So these are the wave lengths I have discovered are preferable to have.

420
430
440
450
460

620
630
640
650
660
670
680
700

720 (optional)
We need to maintain approximately the same light energy power output on each wavelength.
Total light energy power should be around 350 Watts per meter sq (500 PAR (photosynthetic active radiation) watts for eqatorial sun).
Also you may have a look at my link in signature. There you may find spectras for chlorophyll a and b and carotenoids.

[knna]

You must notice that led arnt lasers (wich emits on very narrow wavebands), and emits along a relatively long waveband:

[attachment=o206959]

The nm rating of a led refers only to where it put more energy, but it still emits light of a lot more wavelenghts. So you dont need to use so much differents wavelenghts close to the next. For example, a Royal Blue led is going to cover very well the from 440 to 460nm. And still decently 10nm more at each side.

So you can simplify that distribution of leds. For the blue range, with two different colors, Violet and Royal Blue (but Violets on the 425-430nm range arnt very efficients, compared to those peaked 20nm shorter). And for the red, with a typical red peaked at 625nm and a deed red peaked at 670nm.
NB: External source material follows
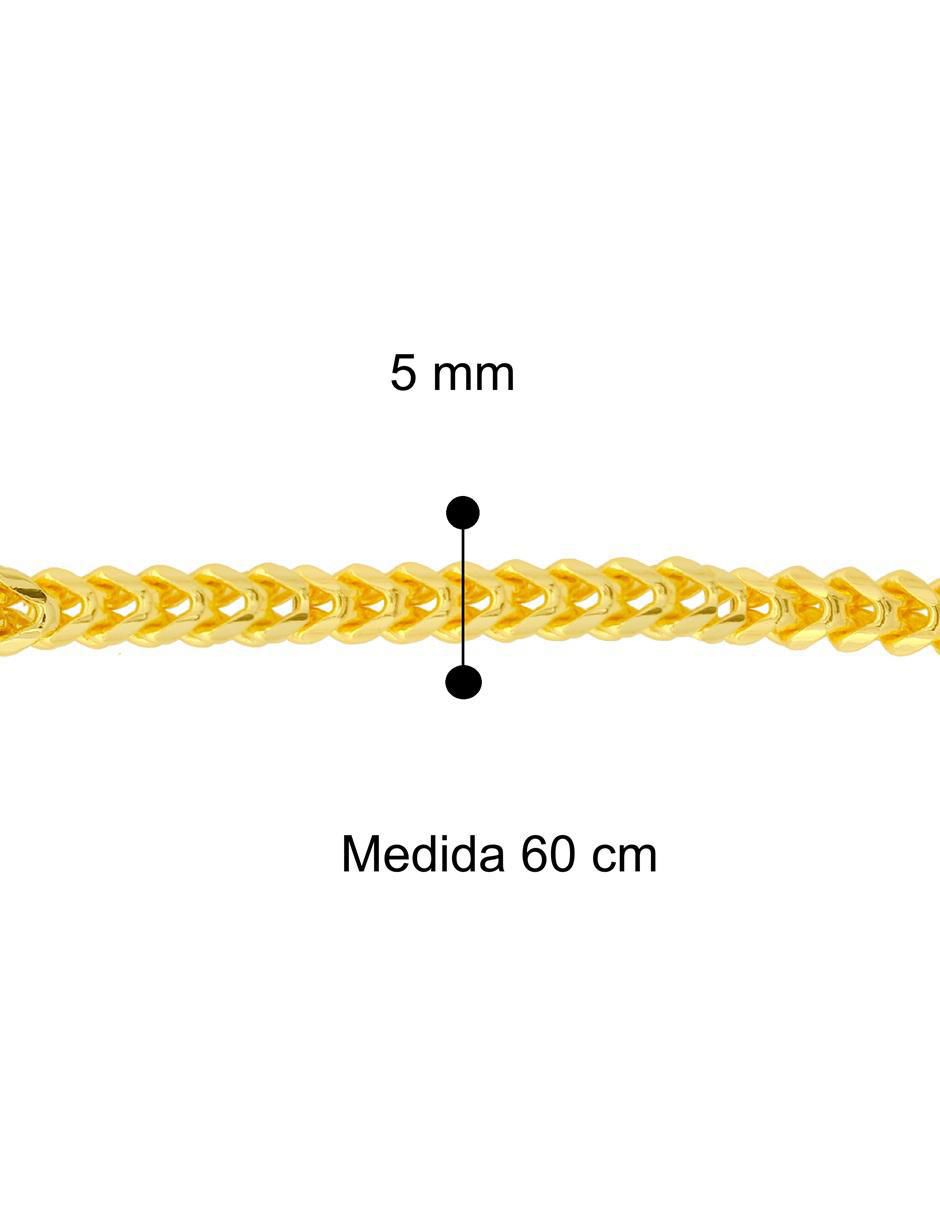 Collar entrelazado 18 K 6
Most of the peak nm you mention are rare to find. If you still want to use so many different SPDs of each color, for fine researching on the propierties of each one, you will need to buy them at a very specialized company, as Roithner Laser. They have all, but you will need a good budget to afford it.

[knna]

We need to maintain approximately the same light energy power output on each wavelength.
Total light energy power should be around 350 Watts per meter sq (500 PAR (photosynthetic active radiation) watts for eqatorial sun).
Also you may have a look at my link in signature. There you may find spectras for chlorophyll a and b and carotenoids.

Dont guide too much by absortion spectra of photosynthetic pigments. One thing is their absortion in lab and other very different how they perform on live plants.

Photosynthetic response dont follow at all the pattern of chlorophills absortion. Many LED experiments have failed to be guided by chlorophills absortion instead by photosynthetic response, that are very differnt.

On the other hand, controling accuratelly the energy emission of such narrow wavebands is very complex. You are going to need a science rocket equipment to do that.

If you want to check reactions to very narrow wavebands, then probably laser diodes are a better choice than LEDs.

350W/m2 of irradiance is pretty high. Its about 1500uE/m2. Think that max irradiances at noon at 40ºN rarely goes over 1800uE/m2. And the daily average is way lower. You are going to need to use CO2 supplementation in order to use those average irradiances sucessfully.

[cture]

What if we go another way: you could provide me with spectrum graphs of light emitted by leds you find that are most efficient and I will pick the needed.

[cture]

Or another one.
Match the spectrum to
420-490 30%
490-620 10%
620-700 60%
What kind of soft do you use to build spectra graphs, may I have a link?